There are several cautionary points raised by our case report. We initiated therapy with protein C concentrate preoperatively after discontinuation of anticoagulation because of concern that the patient was at exceptional risk for venous thromboembolism. Despite aggressive perioperative treatment with protein C concentrate and prophylactic anticoagulation, a nonocclusive distal deep vein thrombus developed in our patient. Because there was no preoperative duplex study, we cannot definitively conclude this thrombus was new; however, the concomitant presence of related symptoms supports this conclusion. The development of this thrombus could be seen as an indication that our approach was unsuccessful, but we believe it underscores the highly thrombophilic nature of this patient and suspect he likely would have had more severe clinical consequences with a less aggressive treatment course. In addition, the protein C activity levels measured during our patient’s clinical course indicated we might have been able to achieve the same results with lower doses of protein C concentrate. Because Ceprotin® is expensive ($1.15 per unit at our blood bank), it is important to use this product in a cost-effective manner. Although we used the manufacturer’s recommended doses, our case shows lower doses may be sufficient for patients with heterozygous protein C deficiency because these patients still may have relevant protein C activity compared with patients homozygous for protein C deficiency. Also, monitoring protein C activity levels is essential, as emphasized by the manufacturer.
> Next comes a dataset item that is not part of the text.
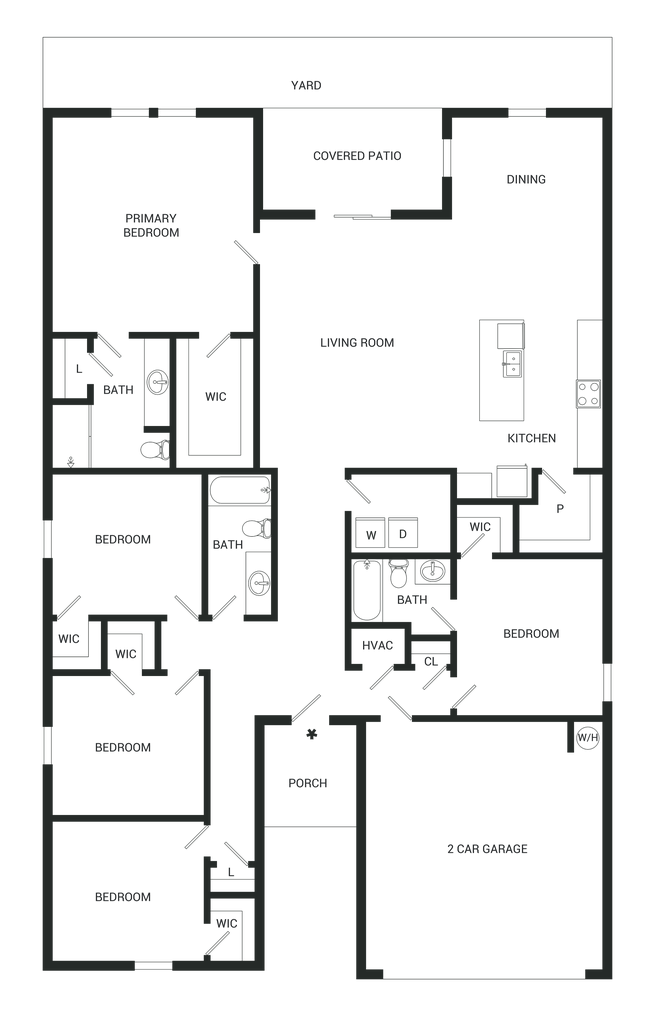 Floorplan - Ruskin Reserve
We report a case in which human protein C concentrate was used in an off-label fashion to safely perform a THA in a patient who was highly thrombophilic and with protein C deficiency and prothrombin 20210 gene mutation heterozygosity. We believe this strategy is a promising and alternative approach to treating highly thrombophilic individuals with protein C deficiency who require major surgery associated with substantial thrombotic and hemorrhagic risks. Because randomized trials are unlikely to be obtainable, given the rare occurrence of patients with this severe degree of thrombophilia, we urge the establishment of a registry to prospectively collect data regarding the outcome of highly thrombophilic individuals undergoing major surgery for confirmation of our results and identification of the most cost- and clinical-effective approaches to surgery in such patients.